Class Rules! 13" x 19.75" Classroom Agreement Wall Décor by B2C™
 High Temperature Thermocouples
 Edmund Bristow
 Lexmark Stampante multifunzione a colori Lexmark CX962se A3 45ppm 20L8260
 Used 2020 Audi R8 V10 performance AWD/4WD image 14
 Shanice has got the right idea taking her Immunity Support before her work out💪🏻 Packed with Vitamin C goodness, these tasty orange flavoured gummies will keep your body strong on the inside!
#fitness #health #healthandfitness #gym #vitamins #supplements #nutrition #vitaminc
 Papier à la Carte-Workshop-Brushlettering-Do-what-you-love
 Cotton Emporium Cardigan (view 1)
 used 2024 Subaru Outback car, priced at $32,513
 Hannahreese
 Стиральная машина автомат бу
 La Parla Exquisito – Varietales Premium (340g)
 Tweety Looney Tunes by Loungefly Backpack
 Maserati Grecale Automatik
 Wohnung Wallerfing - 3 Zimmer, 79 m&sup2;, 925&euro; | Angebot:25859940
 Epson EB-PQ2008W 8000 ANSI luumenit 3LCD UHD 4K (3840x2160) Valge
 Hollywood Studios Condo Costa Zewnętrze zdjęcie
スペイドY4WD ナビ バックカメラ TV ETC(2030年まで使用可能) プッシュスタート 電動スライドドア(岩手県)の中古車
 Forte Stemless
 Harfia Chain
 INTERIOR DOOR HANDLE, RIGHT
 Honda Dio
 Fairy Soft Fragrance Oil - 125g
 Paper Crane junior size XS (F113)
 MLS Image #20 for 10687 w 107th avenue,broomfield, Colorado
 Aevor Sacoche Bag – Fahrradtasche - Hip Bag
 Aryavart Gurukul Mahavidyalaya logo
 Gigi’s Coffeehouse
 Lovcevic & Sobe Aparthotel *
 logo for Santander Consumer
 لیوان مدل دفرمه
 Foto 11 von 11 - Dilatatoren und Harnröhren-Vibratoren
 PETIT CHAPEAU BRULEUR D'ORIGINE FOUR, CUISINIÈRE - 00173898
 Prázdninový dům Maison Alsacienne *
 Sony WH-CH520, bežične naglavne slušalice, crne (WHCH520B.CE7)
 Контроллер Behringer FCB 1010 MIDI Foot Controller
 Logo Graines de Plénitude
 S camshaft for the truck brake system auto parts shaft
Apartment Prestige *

- - - - -

» **EXERCISE PROMPT**
The full listing above should be restated word for word.

» **ANSWER SECTION**
Class Rules! 13" x 19.75" Classroom Agreement Wall Décor by B2C™
 High Temperature Thermocouples
 Edmund Bristow
 Lexmark Stampante multifunzione a colori Lexmark CX962se A3 45ppm 20L8260
 Used 2020 Audi R8 V10 performance AWD/4WD image 14
 Shanice has got the right idea taking her Immunity Support before her work out💪🏻 Packed with Vitamin C goodness, these tasty orange flavoured gummies will keep your body strong on the inside!
#fitness #health #healthandfitness #gym #vitamins #supplements #nutrition #vitaminc
 Papier à la Carte-Workshop-Brushlettering-Do-what-you-love
 Cotton Emporium Cardigan (view 1)
 used 2024 Subaru Outback car, priced at $32,513
 Hannahreese
 Стиральная машина автомат бу
 La Parla Exquisito – Varietales Premium (340g)
 Tweety Looney Tunes by Loungefly Backpack
 Maserati Grecale Automatik
 Wohnung Wallerfing - 3 Zimmer, 79 m&sup2;, 925&euro; | Angebot:25859940
 Epson EB-PQ2008W 8000 ANSI luumenit 3LCD UHD 4K (3840x2160) Valge
 Hollywood Studios Condo Costa Zewnętrze zdjęcie
スペイドY4WD ナビ バックカメラ TV ETC(2030年まで使用可能) プッシュスタート 電動スライドドア(岩手県)の中古車
 Forte Stemless
 Harfia Chain
 INTERIOR DOOR HANDLE, RIGHT
 Honda Dio
 Fairy Soft Fragrance Oil - 125g
 Paper Crane junior size XS (F113)
 MLS Image #20 for 10687 w 107th avenue,broomfield, Colorado
 Aevor Sacoche Bag – Fahrradtasche - Hip Bag
 Aryavart Gurukul Mahavidyalaya logo
 Gigi’s Coffeehouse
 Lovcevic & Sobe Aparthotel *
 logo for Santander Consumer
 لیوان مدل دفرمه
 Foto 11 von 11 - Dilatatoren und Harnröhren-Vibratoren
 PETIT CHAPEAU BRULEUR D'ORIGINE FOUR, CUISINIÈRE - 00173898
 Prázdninový dům Maison Alsacienne *
 Sony WH-CH520, bežične naglavne slušalice, crne (WHCH520B.CE7)
 Контроллер Behringer FCB 1010 MIDI Foot Controller
 Logo Graines de Plénitude
 S camshaft for the truck brake system auto parts shaft
Apartment Prestige *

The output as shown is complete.